These fungi can also be located inside necrotizing granulomas (cryptococcomas) resembling those with mycobacterial and other types of fungal infections (Figure 12). In immunocompromised individuals, cryptococcal cells are found inside the alveoli, in their walls, and in the interstitium, without marked inflammatory reaction; some scattered multinucleated giant cells can be found [9].

Figure 12.

Necrotizing granuloma fragment with cryptococci cells. H&E.

2.7.1.3 Coccidiosis

Coccidia most often lead to necrotizing granuloma formation; the eosinophilic reaction may be marked or absent; numerous neutrophils may be observed. Like in other infections, granulomas are located peribronchiolar or with destroyed bronchioles. This process is accompanied by the formation of small non-necrotizing granulomas at the periphery. Coccidia are usually found in the center of necrotizing granulomas, they consist of large spherical structures (spherules) containing yeast-like structures (endospores). Endospores of various sizes can be located in necrosis or cellular debris, resembling other fungal infections. The detection of spherules and endospores favor the diagnosis of coccidiosis. Like Histoplasma, Coccidia do not grow in vitro; thus, the diagnosis can only be made by histological examination [15].

2.7.1.4 Blastomycosis

Blastomycosis is a rare disease, and this diagnosis may be suspected when granulomatosis or giant cell lesion in combination with severe acute inflammation is detected. Blastomycosis is characterized by basophilic necrosis rich in cellular debris in contrast to eosinophilic or slightly “dirty” infectious necrotizing granulomas. Blastomycosis is often a bronchiolocentric process. Large, thick-walled, yeast-like Blastomyces cells can be detected in H&E and also mucicarmin staining. Active budding is a distinctive feature of the microorganism; nuclear material (multiple nucleoli) can also be found inside the cells, but these signs are not always observed. In this regard, compared to Histoplasma and Cryptococci cells and coccidial endospores, Blastomyces cells are larger but still smaller than coccidial spherules [15].

2.7.1.5 Pneumocystosis

Most pathologists are familiar with the conventional picture of pneumonia caused by Pneumocystis, but 5–17% describe the formation of an ill-defined intraalveolar epithelioid or histiocytic granuloma around the eosinophilic exudate, sometimes without exudate; the formation of well-defined granulomas with central necrosis or without it is also possible [16, 17]. Sometimes the granulomatous reaction in pneumocystis pneumonia is a foreign-body granulomatosis (Figure 13).

Figure 13.

Perivascular foreign-body granuloma (talcosis) in a case of pneucystic pneumonia in a drug abuser.

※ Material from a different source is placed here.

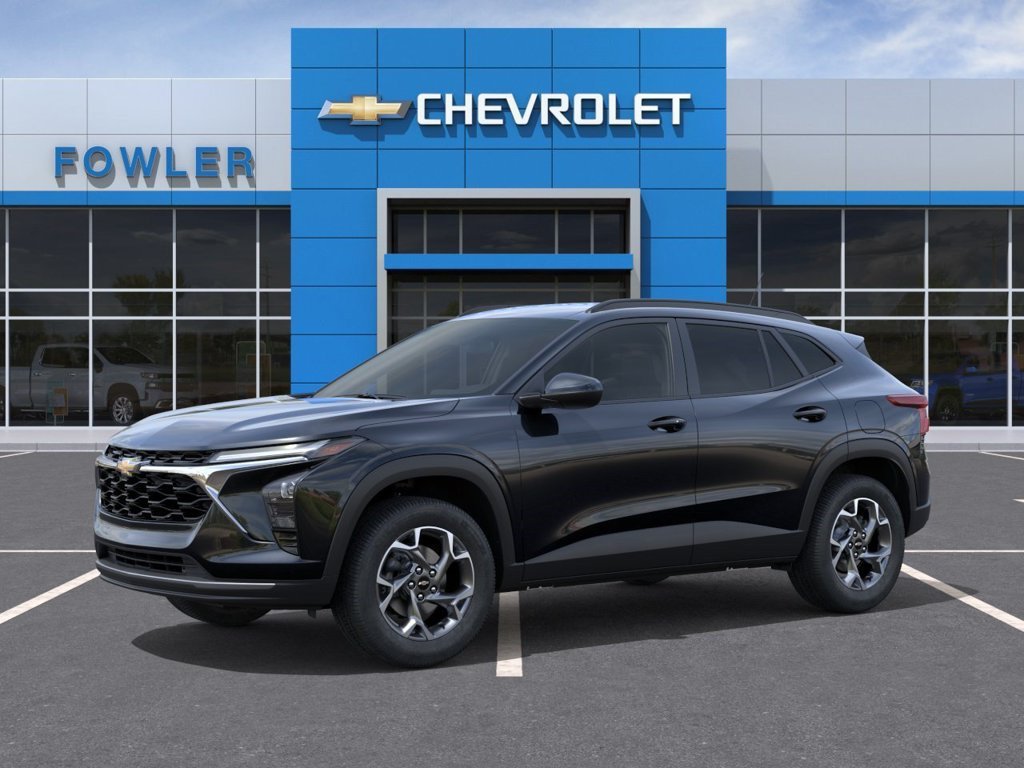 New 2026 Chevrolet Trax LT w/ LT Convenience Package FWD image 2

H&E in bright field versus polarization.

2.8 Parasites

Dirofilaria is one of the most common parasites that lead to the granulomatous inflammation in lungs. This nematode infects dogs more commonly, but the disease can also occur in humans, as the infection is transmitted through an insect bite; the larva enters the right heart and into the pulmonary arteries during embolism, causing thrombosis of the latter with an infarct-like necrosis development (Figure 14). In one-third of the cases, granulomas are formed in the adjacent lung tissue, necrotizing or non-necrotizing vasculitis is observed in half of the cases, and two-thirds of the cases demonstrate eosinophilic infiltration [18].

Figure 14.

Dirofilaria larva in the pulmonary artery, infiltration of plasma cells and eosinophils. H&E.

2.9 Tuberculosis

Tuberculosis is caused by members of the Mycobacterium tuberculosis family, namely, M. tuberculosis, M. bovis, and M. africanum, which belong to the group of rapidly growing mycobacteria. The virulence of these microorganisms varies from moderate to highly virulent strains. Changes observed in the lungs in tuberculosis patients can be very diverse ranging from common necrotizing granulomas, miliary necrotizing granulomas to non-necrotizing granulomas, tuberculoma, and healed fibrosus granulomas, all of these depend on the virulence on the one hand and the immune defense status on the other (Figure 15) [19]. Granulomas in tuberculosis usually have a bronchiolocentric localization, but it should be kept in mind that this could be the case in any infectious granulomatosis and even in sarcoidosis. Histological features in tuberculosis are indistinguishable from those in non-tuberculous granulomatosis. This was confirmed in a study by Corpe and Stergus, in which 27 pathologists, specializing in the mycobacterial disease diagnostics, were asked to evaluate 25 histological slides without information about culture-confirmed infection. In most cases, it was not possible to distinguish between tuberculosis and mycobacteriosis [20]. Thus, the tuberculosis diagnosis should be based on the identification and subsequent determination of the type of Mycobacterium.

Figure 15.

Tuberculous necrotizing granuloma with lymphocytes, histiocytes, and giant multinucleated Langhans at the periphery. H&E.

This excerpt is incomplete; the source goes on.